Jérôme Charron wrote:
I don't take a look yet at mapred branch.
It will going to be a good surprise to discover it in the trunk... ;-)
I will make some effort to document things more before I merge to trunk,
so that folks know what they're getting. Many things have changed
(e.g., segment format). Several things have not yet been fully worked
out and/or implemented (e.g., segment merging). But the basics are all
working (intranet and & whole-web crawling, indexing & search), both in
standalone and distributed configurations. My focus has been stress
testing the distributed infrastructure (NDFS & MapReduce). We've
discovered and fixed a number of bugs in this over recent weeks, so it
is getting ever more stable. I'm hoping that others can help fill in
the gaps in tools.
Once the merge is done I'd like to make a few other changes.
These are:
1. Remove most static references to NutchConf outside of main()
routines. The MapReduce-based versions of the command line tools have
no such references. The biggest change here will be to plugins.
Plugins APIs should probably all be modified to use a factory, and the
factory should be constructed from a NutchConf, e.g., something like:
public static PluginXFactory PluginXFactory.getFactory(NutchConf);
public PluginX PluginXFactory.getPlugin(...);
This should permit folks to more easily configure things programatically
(think JMX) and to run multiple configurations in a single JVM.
2. FetchListEntry has been mostly replaced with a new, simpler
datastructure called a CrawlDatum.

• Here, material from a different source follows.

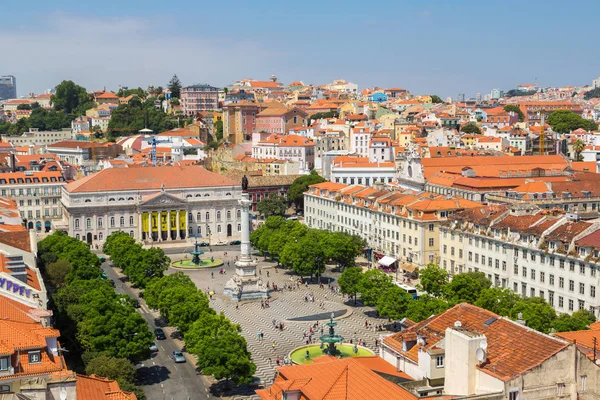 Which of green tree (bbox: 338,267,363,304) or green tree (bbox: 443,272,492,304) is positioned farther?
green tree (bbox: 338,267,363,304)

FetchListEntry is used in the
IndexingFilter API to pass the url, fetch date and incoming anchors.
Currently, in the mapred branch, the indexer creates a dummy
FetchListEntry to pass to plugins. But instead the IndexingFilter API
should probably be altered to pass the CrawlDatum, anchors and url.
I have avoided making these changes since they would make it difficult
to merge improvements to plugins into the mapred branch. But, once we
have moved mapred to trunk, we should make them soon. Incompatible API
changes are best made early, so that folks have more time to work with them.
Does this all sound reasonable?
Doug